-- Opening Marker --

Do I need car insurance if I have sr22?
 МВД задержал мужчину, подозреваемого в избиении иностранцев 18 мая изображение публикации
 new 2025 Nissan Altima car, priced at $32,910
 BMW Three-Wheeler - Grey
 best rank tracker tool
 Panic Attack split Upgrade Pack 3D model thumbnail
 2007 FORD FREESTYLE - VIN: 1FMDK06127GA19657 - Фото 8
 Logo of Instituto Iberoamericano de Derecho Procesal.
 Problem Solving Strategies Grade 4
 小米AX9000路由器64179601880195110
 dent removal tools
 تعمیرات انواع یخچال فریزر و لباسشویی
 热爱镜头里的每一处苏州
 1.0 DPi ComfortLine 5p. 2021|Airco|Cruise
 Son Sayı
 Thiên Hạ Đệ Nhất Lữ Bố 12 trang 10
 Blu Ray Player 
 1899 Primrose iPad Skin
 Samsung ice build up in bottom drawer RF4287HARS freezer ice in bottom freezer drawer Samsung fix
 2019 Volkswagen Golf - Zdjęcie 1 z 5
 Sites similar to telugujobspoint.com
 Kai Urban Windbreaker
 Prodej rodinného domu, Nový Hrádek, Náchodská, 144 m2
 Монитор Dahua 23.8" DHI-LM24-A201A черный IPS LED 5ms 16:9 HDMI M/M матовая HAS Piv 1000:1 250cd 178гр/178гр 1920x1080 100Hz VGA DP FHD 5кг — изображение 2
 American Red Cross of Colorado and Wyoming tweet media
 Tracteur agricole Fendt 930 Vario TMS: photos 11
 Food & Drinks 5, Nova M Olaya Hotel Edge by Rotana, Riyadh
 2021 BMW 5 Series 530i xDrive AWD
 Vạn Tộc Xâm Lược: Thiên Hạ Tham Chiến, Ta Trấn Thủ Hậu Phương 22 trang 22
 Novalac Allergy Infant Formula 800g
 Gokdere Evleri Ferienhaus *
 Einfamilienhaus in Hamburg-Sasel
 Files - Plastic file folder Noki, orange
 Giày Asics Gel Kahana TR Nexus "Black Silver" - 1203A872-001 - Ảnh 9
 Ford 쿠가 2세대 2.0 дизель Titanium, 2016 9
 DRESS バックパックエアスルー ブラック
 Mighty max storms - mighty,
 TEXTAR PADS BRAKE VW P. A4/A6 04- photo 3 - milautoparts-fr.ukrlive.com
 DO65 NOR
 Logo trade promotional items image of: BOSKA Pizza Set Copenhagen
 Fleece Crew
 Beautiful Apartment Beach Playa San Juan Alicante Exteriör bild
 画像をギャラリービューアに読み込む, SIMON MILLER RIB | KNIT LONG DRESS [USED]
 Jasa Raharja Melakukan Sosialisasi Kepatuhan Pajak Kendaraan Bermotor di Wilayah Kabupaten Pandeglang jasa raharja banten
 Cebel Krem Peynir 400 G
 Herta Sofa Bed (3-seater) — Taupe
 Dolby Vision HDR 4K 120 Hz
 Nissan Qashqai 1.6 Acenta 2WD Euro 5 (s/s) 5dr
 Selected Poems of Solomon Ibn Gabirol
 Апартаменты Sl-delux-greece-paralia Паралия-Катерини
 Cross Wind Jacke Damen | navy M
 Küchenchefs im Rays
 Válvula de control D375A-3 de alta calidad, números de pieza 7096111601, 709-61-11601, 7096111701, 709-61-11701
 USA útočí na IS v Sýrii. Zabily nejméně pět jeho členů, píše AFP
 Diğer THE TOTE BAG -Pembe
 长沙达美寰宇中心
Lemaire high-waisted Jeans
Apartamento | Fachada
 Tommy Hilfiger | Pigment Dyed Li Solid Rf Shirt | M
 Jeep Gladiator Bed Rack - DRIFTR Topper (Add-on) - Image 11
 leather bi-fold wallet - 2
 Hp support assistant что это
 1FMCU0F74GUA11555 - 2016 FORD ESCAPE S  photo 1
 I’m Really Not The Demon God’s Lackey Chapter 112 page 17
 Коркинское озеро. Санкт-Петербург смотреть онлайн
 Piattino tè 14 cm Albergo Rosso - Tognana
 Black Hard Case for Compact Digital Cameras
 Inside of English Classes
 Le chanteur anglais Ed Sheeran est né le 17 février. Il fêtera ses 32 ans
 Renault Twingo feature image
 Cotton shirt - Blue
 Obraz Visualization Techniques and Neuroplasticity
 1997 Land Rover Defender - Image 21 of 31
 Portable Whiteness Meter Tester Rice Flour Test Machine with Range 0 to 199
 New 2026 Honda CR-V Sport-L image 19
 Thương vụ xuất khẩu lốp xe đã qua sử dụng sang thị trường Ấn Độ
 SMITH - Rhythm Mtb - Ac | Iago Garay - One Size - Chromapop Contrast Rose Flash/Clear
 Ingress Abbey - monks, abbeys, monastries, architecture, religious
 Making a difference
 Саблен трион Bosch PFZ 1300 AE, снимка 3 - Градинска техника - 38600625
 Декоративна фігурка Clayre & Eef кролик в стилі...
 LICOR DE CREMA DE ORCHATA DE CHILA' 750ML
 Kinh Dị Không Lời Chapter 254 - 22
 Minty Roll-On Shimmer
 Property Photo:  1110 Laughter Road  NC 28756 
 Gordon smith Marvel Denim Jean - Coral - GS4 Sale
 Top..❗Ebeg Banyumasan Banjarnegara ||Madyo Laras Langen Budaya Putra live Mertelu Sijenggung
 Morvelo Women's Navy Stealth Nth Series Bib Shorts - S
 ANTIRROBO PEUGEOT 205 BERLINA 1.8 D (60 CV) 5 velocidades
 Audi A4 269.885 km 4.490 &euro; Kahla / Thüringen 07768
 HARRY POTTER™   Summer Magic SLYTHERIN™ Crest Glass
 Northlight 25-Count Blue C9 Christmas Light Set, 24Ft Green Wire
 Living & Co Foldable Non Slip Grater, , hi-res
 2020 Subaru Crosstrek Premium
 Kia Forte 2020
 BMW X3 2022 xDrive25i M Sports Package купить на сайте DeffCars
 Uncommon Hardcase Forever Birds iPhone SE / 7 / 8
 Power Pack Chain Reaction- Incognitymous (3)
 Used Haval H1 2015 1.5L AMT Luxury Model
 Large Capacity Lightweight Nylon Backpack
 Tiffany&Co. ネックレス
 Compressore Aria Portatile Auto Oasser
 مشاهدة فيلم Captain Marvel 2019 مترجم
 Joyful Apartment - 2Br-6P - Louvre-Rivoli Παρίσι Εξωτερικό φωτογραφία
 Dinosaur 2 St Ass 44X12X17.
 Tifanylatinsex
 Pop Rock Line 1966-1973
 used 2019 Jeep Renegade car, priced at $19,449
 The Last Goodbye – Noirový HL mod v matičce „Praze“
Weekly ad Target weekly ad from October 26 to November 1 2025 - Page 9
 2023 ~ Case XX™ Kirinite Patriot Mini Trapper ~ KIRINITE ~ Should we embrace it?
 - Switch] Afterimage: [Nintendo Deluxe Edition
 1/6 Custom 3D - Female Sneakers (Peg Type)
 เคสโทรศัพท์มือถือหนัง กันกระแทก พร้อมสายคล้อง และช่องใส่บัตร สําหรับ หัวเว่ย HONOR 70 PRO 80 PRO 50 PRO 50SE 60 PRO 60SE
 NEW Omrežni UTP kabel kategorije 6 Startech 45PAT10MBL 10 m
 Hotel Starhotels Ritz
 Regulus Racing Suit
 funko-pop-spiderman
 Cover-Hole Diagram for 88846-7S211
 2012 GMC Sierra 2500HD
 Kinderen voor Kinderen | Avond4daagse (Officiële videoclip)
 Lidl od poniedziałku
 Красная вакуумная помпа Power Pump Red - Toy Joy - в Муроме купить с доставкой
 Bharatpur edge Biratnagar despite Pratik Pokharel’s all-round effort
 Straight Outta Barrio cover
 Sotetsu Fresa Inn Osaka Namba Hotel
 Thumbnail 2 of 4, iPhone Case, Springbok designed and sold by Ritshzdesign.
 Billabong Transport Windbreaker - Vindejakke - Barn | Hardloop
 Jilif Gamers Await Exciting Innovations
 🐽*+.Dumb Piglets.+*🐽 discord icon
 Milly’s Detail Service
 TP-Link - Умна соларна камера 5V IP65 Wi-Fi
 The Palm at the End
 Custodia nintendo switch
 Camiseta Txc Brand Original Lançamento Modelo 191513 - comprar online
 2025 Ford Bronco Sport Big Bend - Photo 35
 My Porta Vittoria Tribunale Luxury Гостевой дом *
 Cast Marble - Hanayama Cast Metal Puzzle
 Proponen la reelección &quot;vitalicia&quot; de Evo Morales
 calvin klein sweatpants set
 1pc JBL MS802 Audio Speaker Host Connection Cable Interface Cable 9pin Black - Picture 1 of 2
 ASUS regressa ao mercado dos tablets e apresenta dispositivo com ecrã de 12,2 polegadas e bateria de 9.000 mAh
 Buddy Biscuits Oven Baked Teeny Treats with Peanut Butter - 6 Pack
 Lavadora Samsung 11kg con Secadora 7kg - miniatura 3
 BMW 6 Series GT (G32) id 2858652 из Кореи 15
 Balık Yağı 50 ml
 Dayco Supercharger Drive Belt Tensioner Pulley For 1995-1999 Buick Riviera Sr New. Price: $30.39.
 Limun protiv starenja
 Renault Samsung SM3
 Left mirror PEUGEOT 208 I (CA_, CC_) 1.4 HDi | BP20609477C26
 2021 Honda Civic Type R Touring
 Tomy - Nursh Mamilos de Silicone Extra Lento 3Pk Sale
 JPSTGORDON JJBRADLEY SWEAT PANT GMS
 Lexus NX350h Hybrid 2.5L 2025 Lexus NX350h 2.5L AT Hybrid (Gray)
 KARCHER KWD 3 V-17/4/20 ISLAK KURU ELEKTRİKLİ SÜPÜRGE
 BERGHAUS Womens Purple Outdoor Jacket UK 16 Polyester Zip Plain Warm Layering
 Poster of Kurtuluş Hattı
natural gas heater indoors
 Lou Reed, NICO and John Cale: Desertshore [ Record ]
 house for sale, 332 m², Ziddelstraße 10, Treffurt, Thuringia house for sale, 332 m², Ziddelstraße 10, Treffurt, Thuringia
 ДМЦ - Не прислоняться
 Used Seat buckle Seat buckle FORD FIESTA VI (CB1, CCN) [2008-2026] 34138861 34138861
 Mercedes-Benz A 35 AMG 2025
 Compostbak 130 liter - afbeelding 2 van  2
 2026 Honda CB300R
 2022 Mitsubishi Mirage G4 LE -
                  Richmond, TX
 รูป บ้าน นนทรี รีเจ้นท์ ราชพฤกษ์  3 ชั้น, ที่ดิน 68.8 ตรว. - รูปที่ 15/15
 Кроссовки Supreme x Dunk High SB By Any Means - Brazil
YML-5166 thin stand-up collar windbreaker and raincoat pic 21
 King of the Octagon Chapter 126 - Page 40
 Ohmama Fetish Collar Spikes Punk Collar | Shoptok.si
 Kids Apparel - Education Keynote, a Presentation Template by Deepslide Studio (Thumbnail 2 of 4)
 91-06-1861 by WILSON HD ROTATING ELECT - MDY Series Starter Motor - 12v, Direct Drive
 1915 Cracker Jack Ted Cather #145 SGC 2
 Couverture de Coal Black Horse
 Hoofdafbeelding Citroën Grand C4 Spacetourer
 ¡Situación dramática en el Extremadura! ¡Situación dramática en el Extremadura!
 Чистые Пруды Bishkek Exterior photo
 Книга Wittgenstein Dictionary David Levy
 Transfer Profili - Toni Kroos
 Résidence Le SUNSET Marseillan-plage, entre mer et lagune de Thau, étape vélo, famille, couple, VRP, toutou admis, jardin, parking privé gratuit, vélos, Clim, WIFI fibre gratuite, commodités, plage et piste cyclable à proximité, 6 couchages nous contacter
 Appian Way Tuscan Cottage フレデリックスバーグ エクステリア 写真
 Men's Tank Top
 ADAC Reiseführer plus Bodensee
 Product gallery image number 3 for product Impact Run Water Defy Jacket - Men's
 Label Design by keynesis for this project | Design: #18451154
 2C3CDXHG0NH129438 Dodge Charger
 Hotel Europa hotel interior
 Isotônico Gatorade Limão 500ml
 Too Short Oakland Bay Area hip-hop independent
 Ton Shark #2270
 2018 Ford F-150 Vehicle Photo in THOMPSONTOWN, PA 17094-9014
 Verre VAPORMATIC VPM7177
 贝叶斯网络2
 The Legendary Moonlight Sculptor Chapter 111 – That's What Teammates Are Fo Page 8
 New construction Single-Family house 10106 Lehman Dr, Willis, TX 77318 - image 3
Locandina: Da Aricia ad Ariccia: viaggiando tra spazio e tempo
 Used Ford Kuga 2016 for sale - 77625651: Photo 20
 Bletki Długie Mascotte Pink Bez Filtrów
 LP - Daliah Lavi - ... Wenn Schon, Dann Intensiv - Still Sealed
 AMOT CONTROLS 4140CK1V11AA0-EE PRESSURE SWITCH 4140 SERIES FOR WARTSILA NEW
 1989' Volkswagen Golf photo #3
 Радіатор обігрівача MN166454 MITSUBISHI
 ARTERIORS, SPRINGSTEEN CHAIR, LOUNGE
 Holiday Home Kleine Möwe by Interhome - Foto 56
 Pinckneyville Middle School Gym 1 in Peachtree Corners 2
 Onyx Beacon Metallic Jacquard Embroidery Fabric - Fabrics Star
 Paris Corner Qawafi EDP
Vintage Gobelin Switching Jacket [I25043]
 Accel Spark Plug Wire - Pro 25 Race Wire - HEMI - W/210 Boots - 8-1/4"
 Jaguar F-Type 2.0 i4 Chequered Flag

-- Closing Marker --

• Required work
Find the line with "Minty Roll-On Shimmer" in the material above. Reproduce it and each line after it up to and including the line with "2020 Subaru Crosstrek Premium".

• Solution to the exercise
 Minty Roll-On Shimmer
 Property Photo:  1110 Laughter Road  NC 28756 
 Gordon smith Marvel Denim Jean - Coral - GS4 Sale
 Top..❗Ebeg Banyumasan Banjarnegara ||Madyo Laras Langen Budaya Putra live Mertelu Sijenggung
 Morvelo Women's Navy Stealth Nth Series Bib Shorts - S
 ANTIRROBO PEUGEOT 205 BERLINA 1.8 D (60 CV) 5 velocidades
 Audi A4 269.885 km 4.490 &euro; Kahla / Thüringen 07768
 HARRY POTTER™   Summer Magic SLYTHERIN™ Crest Glass
 Northlight 25-Count Blue C9 Christmas Light Set, 24Ft Green Wire
 Living & Co Foldable Non Slip Grater, , hi-res
 2020 Subaru Crosstrek Premium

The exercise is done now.